Some of these are beneficial for amateur games too. Now all you need is one or two cameras, and you can have both an AI referee, or VAR, and an AI commentator for the game.

Piotr Skalski tracking pipeline for basketball

The approach

Tracking players in sports has been researched before because of its applications, but none reach his level of quality. He attempted to tackle each well-known issue in this problem with new methods.

  1. Previous models used off-the-shelf optical character recognition (OCR) to detect players’ shirt numbers, and that did not work very well. He fine-tuned a dedicated vision-language model (VLM) for this task. A VLM looks like overkill, but identifying and tracking numbers correctly is key to solving the other issues below.

  2. Previous models used simple box trackers, and they suffered in crowded spaces with many players. He uses the new SAM 2.1 model to the mask covering the silhouette of each player pixel-by-pixel rather than just a box. That way, it has more info to keep predicting the trajectory of mask movements, and so assign the correct mask to each player during and after a crowded situation. And better identification of player numbers above certainly helps.
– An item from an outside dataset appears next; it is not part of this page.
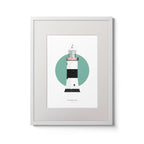 Illustration of The Maidens lighthouse on a white background inside light blue square,  in a white frame measuring 30x40cm.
  3. Before, assigning players to teams was done based on shirt colors, but that could be wrong due to many factors like lighting and logos on shirts. He uses another vision-language model, SigLIP, for this task, together with a clustering algorithm to split players into two teams.

The pipeline

This pipeline is in this order:

  1. Sample frames from video, e.g., every 0.1 second.
  2. Run first-frame detection to detect players, the ball, shirt numbers, referees…
  3. Initialize object tracking with SAM 2.1.
  4. Assign each player to a team.
  5. Run OCR to detect player numbers.
  6. Assign each number to a player.
  7. Cross-frame validation, you cannot trust a single frame.
  8. Output annotated video.

Pros and cons

Even though it uses a lot of advanced components, his unified solution can run on a single T4 GPU, which is one of the cheapest GPUs available from cloud providers, around $250/month on-demand and $100 spot. However, a limitation is that it is not real-time yet, but he said it can be real time with optimization, quantization, and pruning.